- Activity
Examine the data below and state how many lines contain "Holiday", offering no other words.

(Beginning of Exercise data)

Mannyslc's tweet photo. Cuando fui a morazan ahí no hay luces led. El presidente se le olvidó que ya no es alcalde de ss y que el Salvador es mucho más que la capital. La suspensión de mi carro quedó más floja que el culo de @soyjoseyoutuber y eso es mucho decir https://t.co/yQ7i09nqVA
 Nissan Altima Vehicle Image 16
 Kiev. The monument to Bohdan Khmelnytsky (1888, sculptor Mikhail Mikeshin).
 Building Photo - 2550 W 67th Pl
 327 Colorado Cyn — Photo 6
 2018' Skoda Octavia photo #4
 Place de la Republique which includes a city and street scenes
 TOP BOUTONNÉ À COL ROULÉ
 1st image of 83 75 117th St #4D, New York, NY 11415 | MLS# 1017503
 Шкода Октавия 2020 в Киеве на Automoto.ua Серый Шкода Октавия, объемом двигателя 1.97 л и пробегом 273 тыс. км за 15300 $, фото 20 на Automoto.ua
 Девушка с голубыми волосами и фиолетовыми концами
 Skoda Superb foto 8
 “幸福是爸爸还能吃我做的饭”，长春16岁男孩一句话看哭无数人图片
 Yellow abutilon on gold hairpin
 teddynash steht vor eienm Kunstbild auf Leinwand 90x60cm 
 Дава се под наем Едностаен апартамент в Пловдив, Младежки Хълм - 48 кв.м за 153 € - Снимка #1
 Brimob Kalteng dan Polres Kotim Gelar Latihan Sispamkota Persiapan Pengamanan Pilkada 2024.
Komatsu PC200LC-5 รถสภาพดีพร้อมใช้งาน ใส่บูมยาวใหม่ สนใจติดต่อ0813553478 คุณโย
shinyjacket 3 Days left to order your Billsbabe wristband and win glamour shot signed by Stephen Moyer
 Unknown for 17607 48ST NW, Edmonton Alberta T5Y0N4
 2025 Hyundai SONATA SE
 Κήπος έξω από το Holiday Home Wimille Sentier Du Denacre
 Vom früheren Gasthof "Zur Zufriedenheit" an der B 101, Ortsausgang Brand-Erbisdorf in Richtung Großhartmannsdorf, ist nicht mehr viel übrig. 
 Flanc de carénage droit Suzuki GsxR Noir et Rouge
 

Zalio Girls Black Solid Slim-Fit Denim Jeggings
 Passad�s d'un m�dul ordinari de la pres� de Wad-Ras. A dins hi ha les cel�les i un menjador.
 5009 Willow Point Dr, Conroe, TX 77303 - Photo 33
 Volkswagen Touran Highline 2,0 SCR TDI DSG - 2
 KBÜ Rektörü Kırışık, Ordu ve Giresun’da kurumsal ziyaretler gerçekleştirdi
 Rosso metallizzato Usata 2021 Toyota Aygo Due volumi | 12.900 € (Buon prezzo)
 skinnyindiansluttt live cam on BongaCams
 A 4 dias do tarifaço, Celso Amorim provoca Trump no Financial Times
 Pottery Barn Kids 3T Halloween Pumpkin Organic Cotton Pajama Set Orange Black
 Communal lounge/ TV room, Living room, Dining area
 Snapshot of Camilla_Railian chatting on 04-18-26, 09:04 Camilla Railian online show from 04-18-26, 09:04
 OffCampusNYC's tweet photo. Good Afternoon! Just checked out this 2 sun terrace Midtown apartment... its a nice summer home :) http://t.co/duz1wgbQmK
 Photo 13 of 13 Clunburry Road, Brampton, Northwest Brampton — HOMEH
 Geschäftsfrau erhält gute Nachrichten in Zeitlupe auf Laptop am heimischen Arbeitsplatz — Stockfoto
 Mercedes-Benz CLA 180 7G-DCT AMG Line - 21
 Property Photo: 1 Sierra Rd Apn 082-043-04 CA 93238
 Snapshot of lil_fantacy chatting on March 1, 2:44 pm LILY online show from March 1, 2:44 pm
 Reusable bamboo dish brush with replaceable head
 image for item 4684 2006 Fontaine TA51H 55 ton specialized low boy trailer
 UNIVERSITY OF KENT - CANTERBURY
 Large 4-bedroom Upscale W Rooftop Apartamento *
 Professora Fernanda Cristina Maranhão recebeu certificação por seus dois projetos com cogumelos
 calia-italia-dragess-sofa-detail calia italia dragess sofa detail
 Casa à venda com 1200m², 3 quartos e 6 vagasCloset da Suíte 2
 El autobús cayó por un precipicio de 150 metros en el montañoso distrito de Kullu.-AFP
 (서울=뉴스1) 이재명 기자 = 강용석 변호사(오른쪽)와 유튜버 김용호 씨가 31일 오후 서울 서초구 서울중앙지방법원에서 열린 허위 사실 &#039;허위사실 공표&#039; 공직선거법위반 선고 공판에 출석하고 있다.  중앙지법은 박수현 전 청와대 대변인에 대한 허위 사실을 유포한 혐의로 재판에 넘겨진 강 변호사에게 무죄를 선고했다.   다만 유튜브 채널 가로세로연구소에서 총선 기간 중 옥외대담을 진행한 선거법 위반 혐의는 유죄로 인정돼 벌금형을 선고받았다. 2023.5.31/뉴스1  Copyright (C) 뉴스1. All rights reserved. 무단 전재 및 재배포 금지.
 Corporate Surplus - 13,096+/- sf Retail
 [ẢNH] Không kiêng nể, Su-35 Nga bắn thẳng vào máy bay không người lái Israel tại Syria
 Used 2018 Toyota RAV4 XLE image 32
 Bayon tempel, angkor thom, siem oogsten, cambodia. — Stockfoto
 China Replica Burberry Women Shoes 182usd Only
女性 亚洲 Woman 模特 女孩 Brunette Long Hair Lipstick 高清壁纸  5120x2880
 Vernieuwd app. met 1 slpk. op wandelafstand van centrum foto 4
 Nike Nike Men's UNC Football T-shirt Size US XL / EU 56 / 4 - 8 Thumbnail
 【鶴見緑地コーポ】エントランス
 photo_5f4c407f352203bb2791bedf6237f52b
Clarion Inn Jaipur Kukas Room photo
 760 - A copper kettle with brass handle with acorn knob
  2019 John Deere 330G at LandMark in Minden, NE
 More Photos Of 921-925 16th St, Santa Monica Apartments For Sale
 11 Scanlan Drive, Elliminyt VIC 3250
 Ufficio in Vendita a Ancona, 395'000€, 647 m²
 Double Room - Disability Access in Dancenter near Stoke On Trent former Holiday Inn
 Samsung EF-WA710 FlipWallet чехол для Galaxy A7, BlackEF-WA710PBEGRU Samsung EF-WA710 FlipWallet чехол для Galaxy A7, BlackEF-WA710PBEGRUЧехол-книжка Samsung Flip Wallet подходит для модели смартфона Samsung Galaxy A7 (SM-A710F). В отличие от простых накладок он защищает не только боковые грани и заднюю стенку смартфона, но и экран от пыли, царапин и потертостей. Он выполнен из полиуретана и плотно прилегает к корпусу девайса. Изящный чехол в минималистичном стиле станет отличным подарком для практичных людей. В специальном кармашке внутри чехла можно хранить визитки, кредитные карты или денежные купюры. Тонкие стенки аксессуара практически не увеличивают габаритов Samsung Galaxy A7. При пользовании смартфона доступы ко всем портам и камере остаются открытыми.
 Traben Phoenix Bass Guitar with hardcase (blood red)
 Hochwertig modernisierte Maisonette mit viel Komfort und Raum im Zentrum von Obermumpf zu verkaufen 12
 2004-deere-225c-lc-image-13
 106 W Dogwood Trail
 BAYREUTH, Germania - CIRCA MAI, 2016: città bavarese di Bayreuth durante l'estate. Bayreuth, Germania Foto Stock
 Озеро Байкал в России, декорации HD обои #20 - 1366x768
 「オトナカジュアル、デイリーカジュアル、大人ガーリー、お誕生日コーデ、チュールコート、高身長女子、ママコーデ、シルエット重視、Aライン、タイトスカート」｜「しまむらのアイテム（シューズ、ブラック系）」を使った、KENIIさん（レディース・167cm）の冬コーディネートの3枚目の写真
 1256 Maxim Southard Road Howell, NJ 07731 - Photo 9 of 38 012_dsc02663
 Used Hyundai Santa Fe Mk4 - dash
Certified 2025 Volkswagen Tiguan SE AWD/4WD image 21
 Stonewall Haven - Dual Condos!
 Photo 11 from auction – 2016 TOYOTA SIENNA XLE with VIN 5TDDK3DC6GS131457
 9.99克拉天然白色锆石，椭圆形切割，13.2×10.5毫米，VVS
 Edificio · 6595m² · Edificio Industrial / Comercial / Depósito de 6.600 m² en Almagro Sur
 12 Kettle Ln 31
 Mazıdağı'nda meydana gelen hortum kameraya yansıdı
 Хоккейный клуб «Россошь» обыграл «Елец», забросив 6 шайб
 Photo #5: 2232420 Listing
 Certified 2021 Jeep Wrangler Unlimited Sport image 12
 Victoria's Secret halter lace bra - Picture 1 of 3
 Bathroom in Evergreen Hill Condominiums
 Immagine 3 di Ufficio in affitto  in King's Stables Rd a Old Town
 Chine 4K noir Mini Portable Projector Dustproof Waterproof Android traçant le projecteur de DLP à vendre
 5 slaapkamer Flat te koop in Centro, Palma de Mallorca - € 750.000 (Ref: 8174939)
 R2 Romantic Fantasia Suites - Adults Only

(End of Exercise data)

- Answer to this exercise
2